Required work =>
When the line containing "ИГОРЬ И АНАСТАСИЯ." is found in the data below, copy it and each line after it through the line containing "Techcombank ra mắt", exactly and with no others.

Data to use =>

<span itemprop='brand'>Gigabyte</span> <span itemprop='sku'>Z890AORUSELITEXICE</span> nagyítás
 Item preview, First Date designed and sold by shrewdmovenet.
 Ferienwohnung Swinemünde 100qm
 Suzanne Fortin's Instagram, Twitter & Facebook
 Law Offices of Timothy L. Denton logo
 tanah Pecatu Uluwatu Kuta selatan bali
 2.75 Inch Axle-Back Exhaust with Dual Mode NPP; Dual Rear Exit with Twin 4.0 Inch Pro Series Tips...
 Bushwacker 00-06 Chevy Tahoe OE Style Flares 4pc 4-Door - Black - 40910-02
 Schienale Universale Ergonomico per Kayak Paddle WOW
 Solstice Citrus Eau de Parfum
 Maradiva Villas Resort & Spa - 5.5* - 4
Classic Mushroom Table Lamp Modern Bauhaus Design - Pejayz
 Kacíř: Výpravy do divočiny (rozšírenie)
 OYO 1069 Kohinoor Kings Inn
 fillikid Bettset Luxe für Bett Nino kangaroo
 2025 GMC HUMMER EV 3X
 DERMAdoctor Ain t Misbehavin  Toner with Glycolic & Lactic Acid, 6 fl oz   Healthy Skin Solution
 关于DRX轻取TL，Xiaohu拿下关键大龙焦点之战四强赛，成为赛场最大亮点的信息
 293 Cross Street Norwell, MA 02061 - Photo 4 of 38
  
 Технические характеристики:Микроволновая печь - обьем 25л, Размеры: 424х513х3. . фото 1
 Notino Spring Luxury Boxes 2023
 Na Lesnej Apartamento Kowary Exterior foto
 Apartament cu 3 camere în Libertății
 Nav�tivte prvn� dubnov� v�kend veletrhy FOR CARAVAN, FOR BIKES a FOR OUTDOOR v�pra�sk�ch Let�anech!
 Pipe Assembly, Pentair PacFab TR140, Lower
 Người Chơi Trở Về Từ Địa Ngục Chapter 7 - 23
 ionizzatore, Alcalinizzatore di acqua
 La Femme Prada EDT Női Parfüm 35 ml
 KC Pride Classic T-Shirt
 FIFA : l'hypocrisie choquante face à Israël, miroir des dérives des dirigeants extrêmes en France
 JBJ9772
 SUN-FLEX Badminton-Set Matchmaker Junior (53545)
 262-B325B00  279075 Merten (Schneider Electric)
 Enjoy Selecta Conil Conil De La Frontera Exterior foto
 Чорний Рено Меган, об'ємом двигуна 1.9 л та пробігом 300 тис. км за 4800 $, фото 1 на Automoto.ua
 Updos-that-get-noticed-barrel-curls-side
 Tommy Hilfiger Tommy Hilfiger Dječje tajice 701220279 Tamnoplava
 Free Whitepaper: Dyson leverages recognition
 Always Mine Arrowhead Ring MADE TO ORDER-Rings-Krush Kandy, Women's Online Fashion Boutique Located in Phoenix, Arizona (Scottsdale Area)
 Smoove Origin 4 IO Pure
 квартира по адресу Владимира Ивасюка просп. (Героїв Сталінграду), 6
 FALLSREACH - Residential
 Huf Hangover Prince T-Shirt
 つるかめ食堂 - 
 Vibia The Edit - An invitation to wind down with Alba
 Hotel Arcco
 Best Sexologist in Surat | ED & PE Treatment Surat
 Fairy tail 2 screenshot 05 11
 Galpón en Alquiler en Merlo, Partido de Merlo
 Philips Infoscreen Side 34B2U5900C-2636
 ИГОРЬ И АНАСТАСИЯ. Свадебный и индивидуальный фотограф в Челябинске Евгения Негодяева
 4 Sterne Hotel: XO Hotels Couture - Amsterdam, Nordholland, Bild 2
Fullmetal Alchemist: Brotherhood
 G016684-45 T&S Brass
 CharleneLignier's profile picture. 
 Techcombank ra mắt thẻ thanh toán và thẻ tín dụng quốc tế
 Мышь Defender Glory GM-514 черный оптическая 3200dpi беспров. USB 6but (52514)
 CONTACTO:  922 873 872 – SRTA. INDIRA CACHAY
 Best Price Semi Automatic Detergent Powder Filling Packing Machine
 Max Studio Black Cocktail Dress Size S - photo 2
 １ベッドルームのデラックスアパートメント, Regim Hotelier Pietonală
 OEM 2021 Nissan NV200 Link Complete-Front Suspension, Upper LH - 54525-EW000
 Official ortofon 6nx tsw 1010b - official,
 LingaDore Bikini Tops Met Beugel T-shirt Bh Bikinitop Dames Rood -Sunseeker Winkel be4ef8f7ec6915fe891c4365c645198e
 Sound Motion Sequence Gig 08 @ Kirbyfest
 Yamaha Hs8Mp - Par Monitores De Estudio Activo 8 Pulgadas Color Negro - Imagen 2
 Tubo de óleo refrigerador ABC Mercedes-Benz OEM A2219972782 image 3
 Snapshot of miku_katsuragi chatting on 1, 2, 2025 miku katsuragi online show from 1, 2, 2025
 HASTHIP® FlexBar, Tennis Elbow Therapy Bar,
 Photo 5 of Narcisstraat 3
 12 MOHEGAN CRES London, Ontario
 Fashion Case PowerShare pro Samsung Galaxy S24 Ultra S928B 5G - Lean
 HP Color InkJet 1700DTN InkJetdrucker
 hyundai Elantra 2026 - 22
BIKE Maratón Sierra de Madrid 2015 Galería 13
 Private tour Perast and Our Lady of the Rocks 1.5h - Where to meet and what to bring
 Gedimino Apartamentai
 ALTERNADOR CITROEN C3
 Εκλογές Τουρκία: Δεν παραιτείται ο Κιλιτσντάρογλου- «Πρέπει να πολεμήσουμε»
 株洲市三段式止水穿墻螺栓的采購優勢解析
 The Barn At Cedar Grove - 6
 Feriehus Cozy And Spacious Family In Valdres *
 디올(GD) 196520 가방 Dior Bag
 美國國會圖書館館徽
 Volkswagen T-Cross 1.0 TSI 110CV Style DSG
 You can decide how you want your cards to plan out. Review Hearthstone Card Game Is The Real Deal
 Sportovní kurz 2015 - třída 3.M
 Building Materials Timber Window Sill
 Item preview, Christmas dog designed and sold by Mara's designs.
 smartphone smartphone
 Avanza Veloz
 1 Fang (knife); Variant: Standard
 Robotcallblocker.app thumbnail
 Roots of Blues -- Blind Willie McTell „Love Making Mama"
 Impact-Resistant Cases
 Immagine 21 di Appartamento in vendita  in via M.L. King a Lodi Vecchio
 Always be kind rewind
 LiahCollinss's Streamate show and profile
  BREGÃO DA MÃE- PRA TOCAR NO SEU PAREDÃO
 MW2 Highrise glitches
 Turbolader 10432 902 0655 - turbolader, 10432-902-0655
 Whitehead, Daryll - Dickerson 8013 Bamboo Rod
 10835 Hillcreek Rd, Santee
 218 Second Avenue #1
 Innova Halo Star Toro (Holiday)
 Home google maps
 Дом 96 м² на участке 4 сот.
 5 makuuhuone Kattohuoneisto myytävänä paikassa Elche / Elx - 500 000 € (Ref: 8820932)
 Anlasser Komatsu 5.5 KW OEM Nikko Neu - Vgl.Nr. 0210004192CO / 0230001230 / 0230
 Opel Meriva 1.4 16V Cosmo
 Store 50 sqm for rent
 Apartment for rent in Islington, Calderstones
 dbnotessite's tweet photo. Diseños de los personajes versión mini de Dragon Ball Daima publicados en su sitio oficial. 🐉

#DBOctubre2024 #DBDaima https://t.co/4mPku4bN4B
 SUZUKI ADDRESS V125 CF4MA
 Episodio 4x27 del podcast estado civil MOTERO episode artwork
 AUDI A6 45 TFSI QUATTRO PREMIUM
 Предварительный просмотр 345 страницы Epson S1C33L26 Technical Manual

Your response =>
 ИГОРЬ И АНАСТАСИЯ. Свадебный и индивидуальный фотограф в Челябинске Евгения Негодяева
 4 Sterne Hotel: XO Hotels Couture - Amsterdam, Nordholland, Bild 2
Fullmetal Alchemist: Brotherhood
 G016684-45 T&S Brass
 CharleneLignier's profile picture. 
 Techcombank ra mắt thẻ thanh toán và thẻ tín dụng quốc tế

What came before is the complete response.